The Commerce Department’s Bureau of Industry and Security (BIS), through its Office of Antiboycott Compliance, alleged that from January 2001 through January 2004 Dresser failed to report in a timely manner its receipt of nine requests to engage in a restrictive trade practice or boycott. The company voluntarily disclosed the transactions and cooperated fully with the subsequent investigation. The transactions involved the sale of goods to Pakistan .
The antiboycott provisions of the EAR prohibit U.S. persons from complying with certain requirements of unsanctioned foreign boycotts. Additionally, the EAR requires that U.S. persons report their receipt of certain boycott requests to the Department of Commerce.

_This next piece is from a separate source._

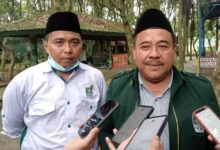 Pandeglang — Anggota Dprd Kabupaten Pandeglang Dari Fraksi Pkb, Mulyadhi, S.e., Yang Juga Duduk Di Komisi Ii, Menyatakan Kesiapannya Untuk Mengawal Penyelesaian Sengketa Lahan Antara Warga Desa Rancapinang Dan Pihak Tni Ad. Konflik Tersebut Mencuat Akibat Klaim Warga Bahwa Tanah Yang Kini Dikuasai Secara Legal Oleh Tni Ad Dulunya Dijual Secara Tidak Sah Oleh Oknum Tertentu. Mulyadhi Menegaskan Bahwa Indonesia Merupakan Negara Hukum, Sehingga Setiap Persoalan Harus Diselesaikan Sesuai Dengan Koridor Hukum Yang Berlaku Dan Tetap Mengedepankan Rasa Keadilan Bagi Semua Pihak, (17/6). “Intinya, Kita Semua Harus Bekerja Dengan Hati. Pada Dasarnya, Masyarakat Harus Kita Jaga Dan Cintai. Rasa Keadilan Semua Pihak Harus Ditegakkan. Pemerintah Bersama Pihak Terkait Harus Duduk Bersama Menyelesaikan Masalah Ini, Jangan Sampai Semuanya Dirugikan,” Ungkapnya, Selasa (17/6/2025). Ia Juga Menyampaikan Keprihatinannya Atas Keresahan Warga, Yang Merasa Hak Mereka Atas Tanah Tersebut Berpindah Tangan Tanpa Sepengetahuan Atau Persetujuan Mereka. “Kami Menghormati Legalitas Kepemilikan Lahan Oleh Tni Ad. Namun Keresahan Warga Tidak Boleh Diabaikan,” Lanjut Mulyadhi. Menurutnya, Penyelesaian Konflik Harus Dilakukan Secara Bijaksana Agar Tidak Menimbulkan Ketegangan Sosial Yang Berkelanjutan. Ia Menegaskan Bahwa Pemerintah Harus Hadir Untuk Memberikan Solusi Dan Rasa Keadilan Kepada Semua Pihak. “Pendekatan Persuasif Dan Mediasi Adalah Langkah Paling Bijak. Ini Bukan Hanya Soal Status Tanah, Tetapi Juga Menyangkut Kepercayaan Masyarakat Terhadap Institusi Negara,” Tuturnya. Mulyadhi Juga Mengimbau Masyarakat Agar Tetap Tenang, Tidak Terpancing Provokasi, Serta Menempuh Jalur Hukum Untuk Menyelesaikan Persoalan Tersebut. Sebagai Wakil Rakyat, Ia Berkomitmen Akan Terus Mengawal Proses Penyelesaian Konflik Ini Sampai Tuntas. “Saya Dipilih Dan Diberi Amanah Oleh Rakyat Untuk Menyampaikan Aspirasi Mereka. Saya Yakin Pasti Ada Jalan Keluar Yang Baik Untuk Semua,” Pungkasnya.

Source: http://www.bis.doc.gov/news/2007/texas07202007.htm
US amends strictures on Arab boycott
Michael Freund, The Jerusalem Post 2007-07-31
The US government has recently revised its federal antiboycott statutes, which prohibit American companies from cooperating with any Arab trade embargo of Israel.

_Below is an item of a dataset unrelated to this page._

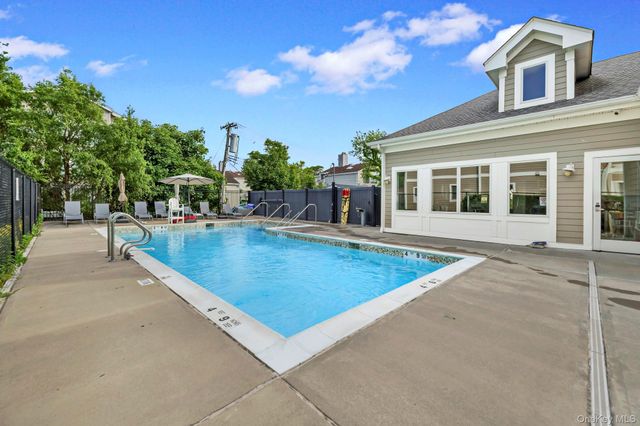 51 Island Point, Bronx, NY 10464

The changes, which take effect on August 16, amend existing penalty guidelines and outline the procedure for firms wishing to come forward and voluntarily disclose violations of the law.
Officials hope that by providing exporters with new incentives to come clean regarding noncompliance with the rules, it will preclude the need for lengthy, and often costly, investigations.
A spokesman for the US Commerce Department's Bureau of Industry and Security (BIS), which oversees enforcement of the antiboycott laws, told The Jerusalem Post via e-mail that the revised guidelines will "provide US businesses with a clear understanding of the procedures BIS uses to settle alleged violations of the antiboycott provisions."
The spokesman said the US government "anticipates the new statute will provide a well-defined process for the self-disclosure of violations and may thus encourage self-disclosures."
He added that the antiboycott laws would continue to be enforced "with diligence and vigor."
The revisions have been in the works for nearly a year, and were first reported in the Post in September.
Congress passed an antiboycott law in 1977 prohibiting American firms from cooperating with the trade embargo, which is administered by the Arab League with the aim of isolating Israel and harming its economy.
Various Muslim and Arab states regularly ask foreign firms to supply documentation attesting that they have no business or financial ties to Israel. US law bars Americans from complying with such demands and requires them to report requests for such information to the Commerce Department in a timely fashion.
According to the Bureau of Industry and Security, nine US firms agreed to pay civil penalties totaling $95,950 in fiscal year 2006 to settle allegations that they had violated the statutes either by complying with boycott-related requests or by failing to report them.
"The Department of Commerce policy of opposing restrictive trade practices or unsanctioned boycotts, including against Israel, is clear-cut," said Mario Mancuso, under secretary of commerce for industry and security. "Publishing the penalty and voluntary self-disclosure guidelines provides additional clarity and is a valuable part of our continuing efforts to educate US businesses about their responsibilities," he said.
The Bureau of Industry and Security spokesman said that no additional changes to the law were expected any time soon.
"There are no current plans to change the antiboycott provisions," he told the Post.